» **Extracted records**:
......
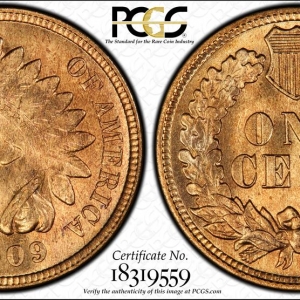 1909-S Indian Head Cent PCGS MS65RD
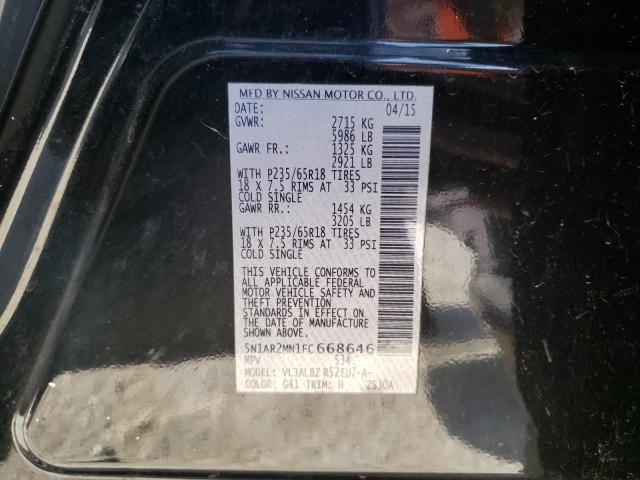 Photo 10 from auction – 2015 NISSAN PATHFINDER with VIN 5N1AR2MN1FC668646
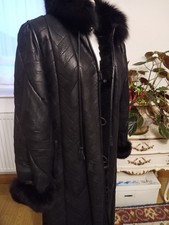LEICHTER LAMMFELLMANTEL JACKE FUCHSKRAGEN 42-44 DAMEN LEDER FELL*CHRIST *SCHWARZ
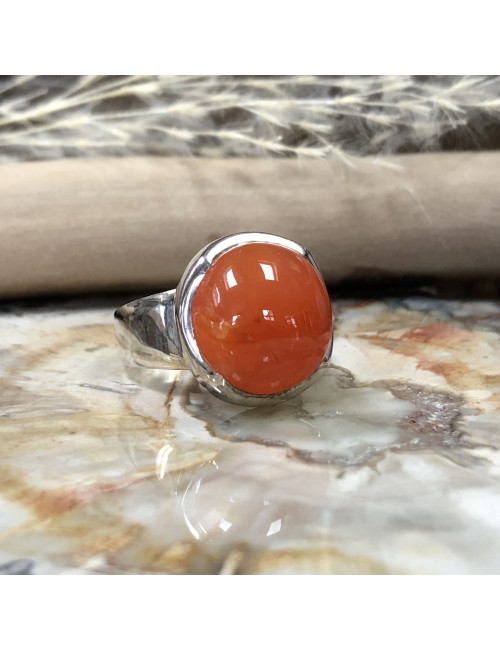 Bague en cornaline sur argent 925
......
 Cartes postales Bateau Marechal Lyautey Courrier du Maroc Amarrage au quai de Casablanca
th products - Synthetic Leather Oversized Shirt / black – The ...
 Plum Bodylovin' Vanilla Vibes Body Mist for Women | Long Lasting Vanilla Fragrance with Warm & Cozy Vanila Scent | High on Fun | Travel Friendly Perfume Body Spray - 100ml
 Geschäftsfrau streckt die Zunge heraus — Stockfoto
......
» **Problem to solve**: Leave out the images and write out the lines above exactly, from the one with "Photo 10 from" up to and including the one with "Bague en cornaline sur argent 925".

» **Solution**:
 Photo 10 from auction – 2015 NISSAN PATHFINDER with VIN 5N1AR2MN1FC668646
LEICHTER LAMMFELLMANTEL JACKE FUCHSKRAGEN 42-44 DAMEN LEDER FELL*CHRIST *SCHWARZ
 Bague en cornaline sur argent 925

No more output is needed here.